By the Great Depression, tariffs were at historic highs. Members of Congress commonly entered in informal quid pro quo agreements in which they voted for other members' preferred tariffs in order to secure support for their own. No one took into account the aggregate toll on American consumers or exporters. That practice is commonly referred to as logrolling. Roosevelt and key members of his administration were intent on stopping the practice.

Democrats voted for trade liberalization far more often than Republicans but were not uniform in their preferences. Democrats skeptical of reducing tariffs during the Depression included Representative Henry Rainey (D-IL) and members of Roosevelt's own administration: Rexford Tugwell, Raymond Moley, and Adolf Berle. However, the administration decided to take advantage of having a Democrat-controlled Congress and Presidency to push through the RTAA. In 1936 and 1940, the Republican Party ran on a platform of repealing the tariff reductions secured under the RTAA. However, when they won back Congress in 1946, they did not act to remove the tariffs. In the years since the enactment of the RTAA in 1934, the economies of Europe and East Asia had been decimated by the violence of World War II, which left a huge global production vacuum that was filled by American exporters. During the war, the United States had its highest positive account balance in its history. Republican preferences for tariffs started shifting, as exporters from home districts began to benefit from increased international trade. By the 1950s, there was no statistically significant difference between Republicans and Democrats on tariff policies, a change that has endured ever since.

=== Reciprocity ===
Another key feature of the RTAA was that if Congress wanted to repeal a tariff reduction, it would take a two-thirds supermajority. That means that the tariff would have to be especially onerous, and the Congress would have to be especially protectionist. Once enacted, tariff reductions tended to stick.

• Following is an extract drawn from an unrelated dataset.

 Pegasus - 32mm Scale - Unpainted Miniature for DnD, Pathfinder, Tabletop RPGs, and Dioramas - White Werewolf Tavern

As more American industries began to benefit from tariff reductions, some of them began to lobby Congress for lower tariffs. Until RTAA, Congress had been lobbied mostly by industries seeking to create or increase tariffs to protect their industry. That change also helped to lock in many of the gains in trade liberalization. In short, the political incentive to raise tariffs decreased, and the political incentive to lower tariffs increased.

=== World changes caused by RTAA ===
As American duties dropped off dramatically, global markets were also increasingly liberalized. World trade expanded rapidly. The RTAA was a US law but provided the first widespread system of guidelines for bilateral trade agreements. The United States and the European nations began avoiding beggar-thy-neighbour policies, which pursued national trade objectives at the expense of other nations. Instead, countries started to realize the gains from trade co-operation.

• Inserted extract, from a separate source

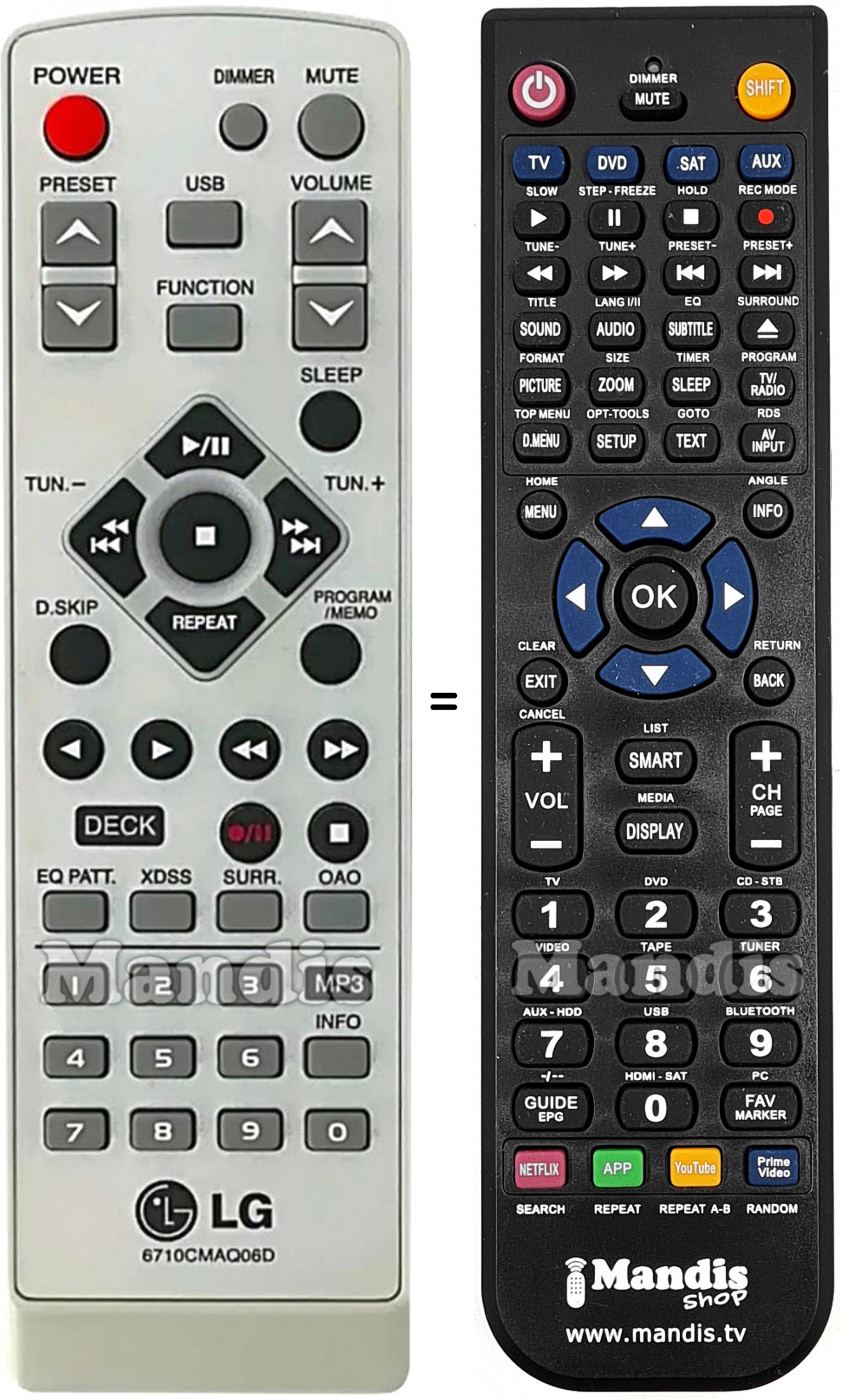 T&eacute;l&eacute;commande &eacute;quivalente LG 6710CMAQ06D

Led by the United States and the United Kingdom, international co-operation flourished, and concrete institutions were created. In talks begun at the Bretton Woods Conference of 1944, the International Monetary Fund was created. By 1949, the first international board governing trade, the General Agreement on Tariffs and Trade (GATT), had been established. In 1994, the GATT was replaced by the World Trade Organization (WTO), which still oversees international trade agreements.

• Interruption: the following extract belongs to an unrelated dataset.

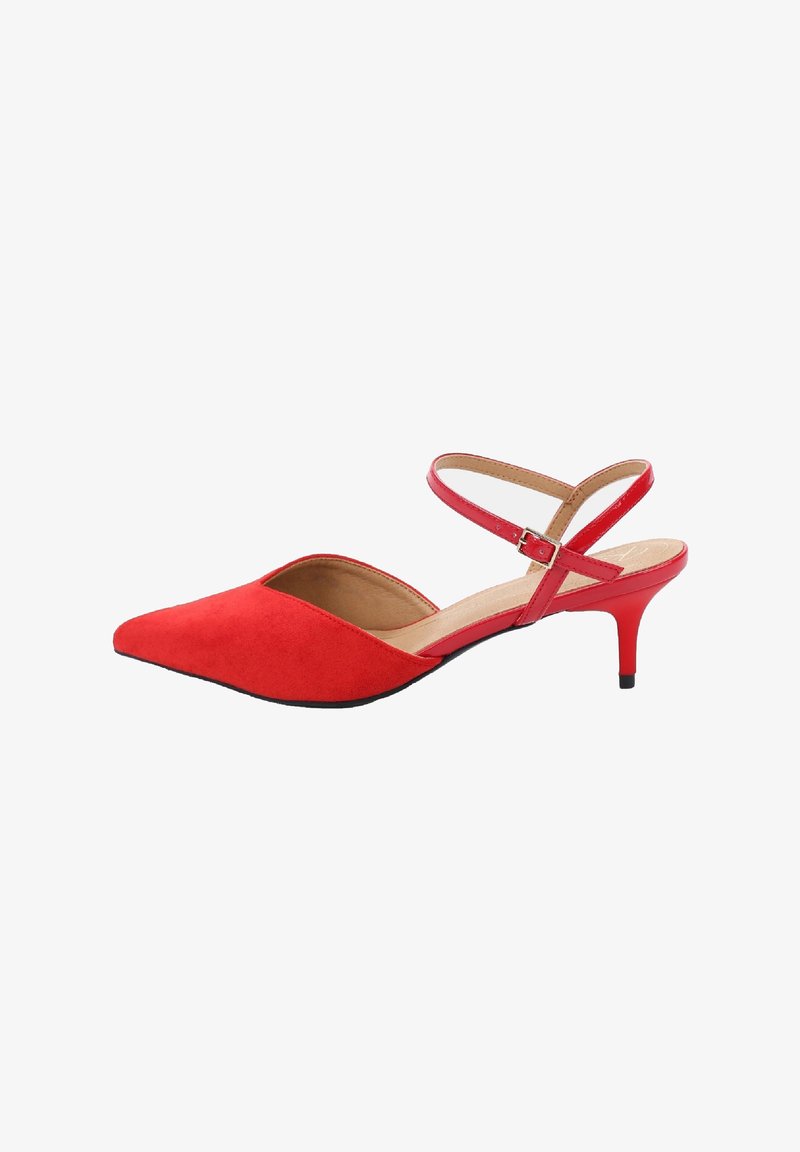 Rote Wildleder-Pumps mit spitzem Zehenbereich, offener Seite und schmalem Knöchelriemen. Verfügt über einen 5 cm hohen Stiletto-Absatz und ein glattes Innenfutter.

The US Department of State also found good use of the expansion of free trade after World War II. Many in the State Department saw multilateral trade agreements as a way to engage the world in accordance with the Marshall Plan and the Monroe Doctrine. US trade policy became an integral part of US foreign policy. That pursuit of free trade as diplomacy intensified during the Cold War, as the US competed with the Soviet Union for relationships around the globe.